- **WHAT YOU HAVE TO DO**: "デリカD：5 2.2 ブラック エディション ディーゼルターボ 4WD" appears in one line; retype that line and all lines following it through the end of the records, with nothing left out or added.

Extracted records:

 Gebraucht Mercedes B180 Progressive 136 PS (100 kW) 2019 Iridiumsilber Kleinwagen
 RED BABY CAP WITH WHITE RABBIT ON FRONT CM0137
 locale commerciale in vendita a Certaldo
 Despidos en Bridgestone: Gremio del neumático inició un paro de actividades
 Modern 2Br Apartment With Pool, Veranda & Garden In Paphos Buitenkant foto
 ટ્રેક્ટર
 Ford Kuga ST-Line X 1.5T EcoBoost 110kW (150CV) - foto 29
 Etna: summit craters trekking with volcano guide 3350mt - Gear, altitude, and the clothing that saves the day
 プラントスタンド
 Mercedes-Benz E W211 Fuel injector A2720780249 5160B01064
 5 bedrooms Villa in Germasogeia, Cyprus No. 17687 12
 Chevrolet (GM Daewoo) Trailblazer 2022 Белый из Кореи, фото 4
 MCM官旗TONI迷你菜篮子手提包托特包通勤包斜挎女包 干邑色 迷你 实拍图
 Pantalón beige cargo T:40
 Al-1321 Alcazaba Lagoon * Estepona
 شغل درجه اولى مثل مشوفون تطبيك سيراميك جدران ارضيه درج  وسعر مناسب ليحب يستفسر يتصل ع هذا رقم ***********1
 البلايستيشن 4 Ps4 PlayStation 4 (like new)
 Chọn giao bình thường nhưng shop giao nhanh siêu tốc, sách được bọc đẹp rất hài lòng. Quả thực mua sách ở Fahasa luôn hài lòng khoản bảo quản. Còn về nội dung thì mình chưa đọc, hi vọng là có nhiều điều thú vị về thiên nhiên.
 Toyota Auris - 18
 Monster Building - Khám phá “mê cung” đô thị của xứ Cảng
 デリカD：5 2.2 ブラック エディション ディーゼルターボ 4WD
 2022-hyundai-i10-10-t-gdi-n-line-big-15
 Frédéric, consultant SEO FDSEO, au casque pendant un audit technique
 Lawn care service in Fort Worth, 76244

- **TASK RESPONSE**:
 デリカD：5 2.2 ブラック エディション ディーゼルターボ 4WD
 2022-hyundai-i10-10-t-gdi-n-line-big-15
 Frédéric, consultant SEO FDSEO, au casque pendant un audit technique
 Lawn care service in Fort Worth, 76244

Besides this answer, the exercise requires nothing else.